It just smoked.
I’ve been operating and testing this PCB with a bench top power supply (13.8 VDC), and all has been well. When I hooked it up to my 18VDC battery, (20.1VDC), it smoked this 5.0 VDC regulator. According to THE DATA SHEET this regulator is made for input voltages from 2.7 to 30 VDC, so I thought I was fine. I see now the data sheet says,
Power dissipation depends on input voltage and load conditions. Power dissipation (PDISS) is equal to the product of the output current and the voltage drop across the output pass element, as shown in Equation 1:
PDISS = (VIN – VOUT) × IOUT
(1)
Ok, so I’ve got a 25 volt drop, and the current, well, I’m guess it’s less than 50ma. It’s just the Atmega328 chip, and a motor controller IC, which I think draws 5-8ma, and an LED drawing about 12ma. I couldn’t really find anything else in the data sheet that tell you how much power dissipation it can handle. It looks like it’s all based on thermal junction temp.

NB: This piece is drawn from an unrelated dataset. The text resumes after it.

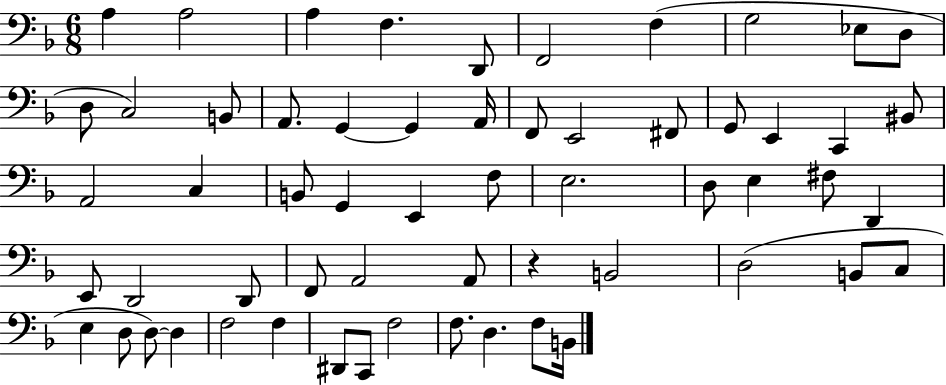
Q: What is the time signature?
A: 6/8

There’s also another identical regulator onboard, only it puts out 3.3VDC for an RF chip. It was not fried. It too is powered from the same 20VDC, but it lost power once the trace at the 5.0v regulator burnt up.
I’ll include a photo of the PCB trace/copper, and the board. If anyone can shed some light on this. Do I need 1) a different regulator? 2) different trace/copper/heat dissipation 3)are my high voltage traces too close to other? I’ve got 10mil clearance on all traces.